# Language Distribution Analysis

This notebook provides some samples of the requests that can be made using the *LanguageDistributionChart* class from the module '*scripts/language_distribution.py*'.

*LanguageDistributionChart* contains the following methods:
- *count_graph*: Returns the number of documents grouped by language.
- *language_percentage_distribution*: Return the distribution of French and English words inside French, English and Bilingual documents. This analysis is done under the assumption that none of these documents are 100% unilingual and allowed to define a 'bilinguism threshold' of 30% for a document to be considered 'bilingual'. These findings would be fundamental in the development of the Topic Analysis pipeline.

To execute this notebook, please start by running the initialization script below.

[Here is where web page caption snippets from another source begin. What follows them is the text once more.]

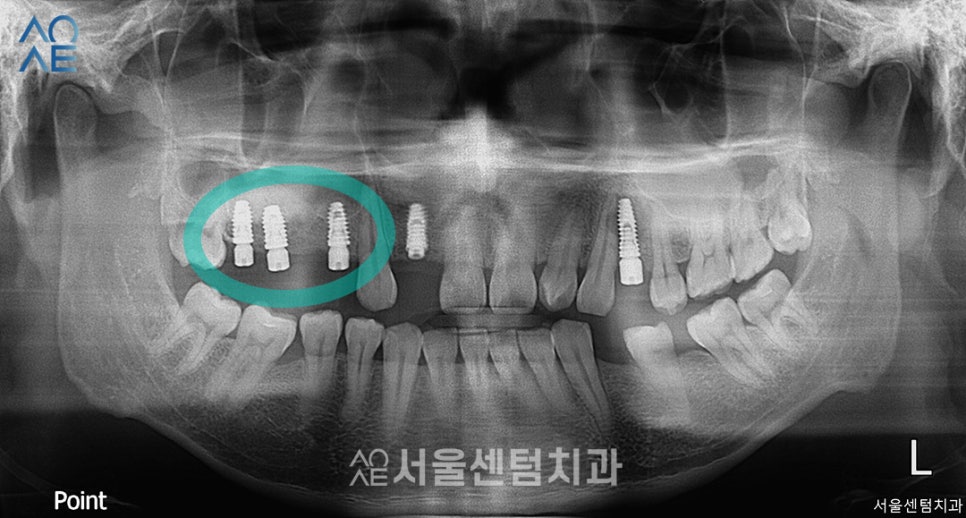 임플란트 과정 기간 실제 사례로 설명드려요 관련 이미지 3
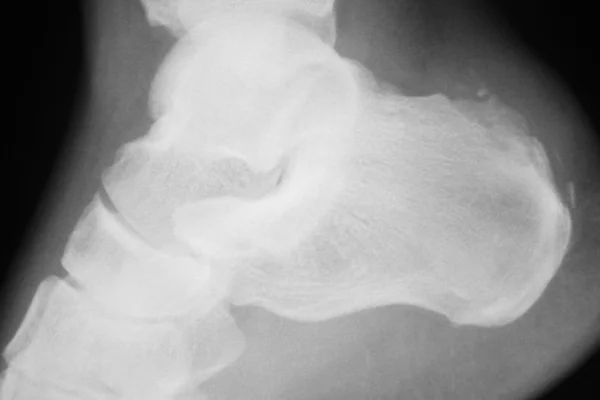 Foten hälen vrist skada xray scan — Stockfoto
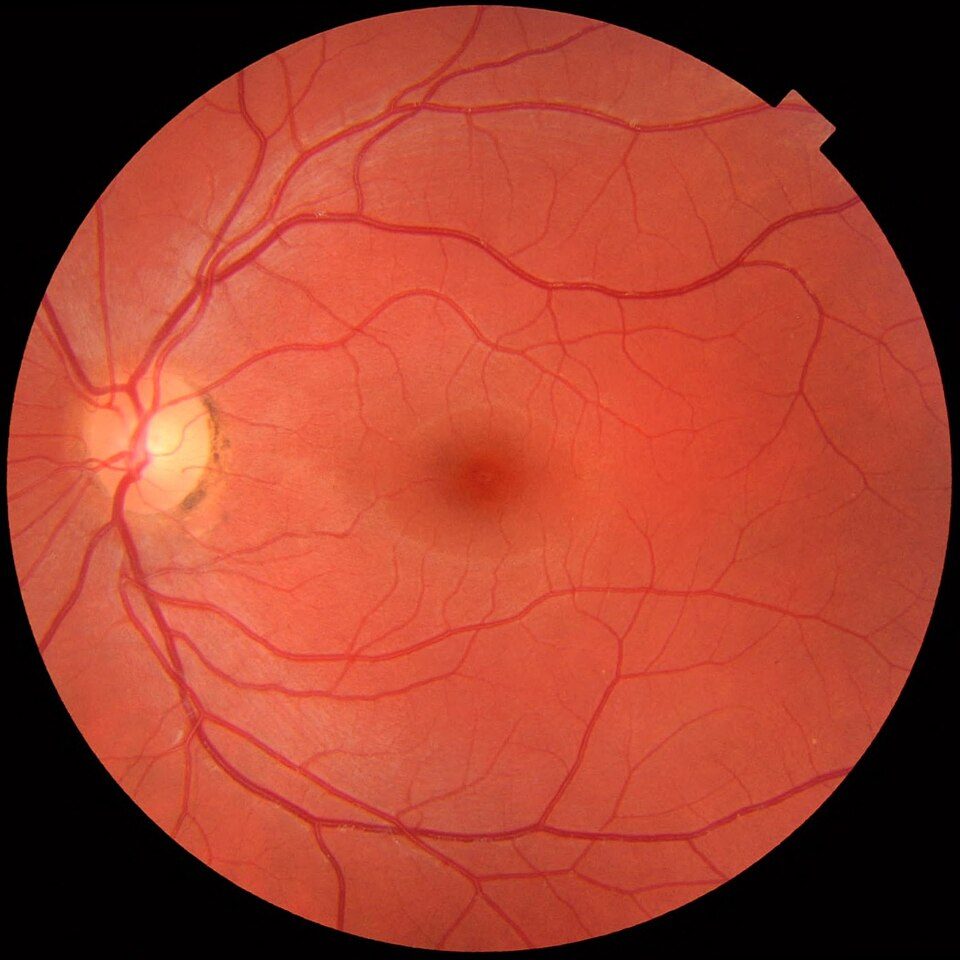 Avaliação de retina com equipamento de imagem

Then, you can run and modify the other code cells according to your needs. 

In [1]:
# Import required libraries
from pathlib import Path
from datetime import datetime
from loguru import logger

# Define constants
LOGS_DIR = Path('logs')
timestamp = datetime.now().strftime("%Y-%m-%d_%H-%M-%S")
LOGS_FILE = LOGS_DIR / f"language_distribution_{timestamp}.log"
PDF_LIST = Path('data/pdf_list.csv')
DB_PATH = Path('data/database.db')

logger.add(
    LOGS_FILE,
    rotation="1 day",
    retention="7 days",
    level="DEBUG",
    format="{time:YYYY-MM-DD at HH:mm:ss} | {level} | {message}",
)

1

In [2]:
from scripts.language_distribution import LanguageDistributionChart

chart = LanguageDistributionChart(DB_PATH)
overall_dist, detailed_analysis = chart.analyze_all()
overall_dist
detailed_analysis.describe()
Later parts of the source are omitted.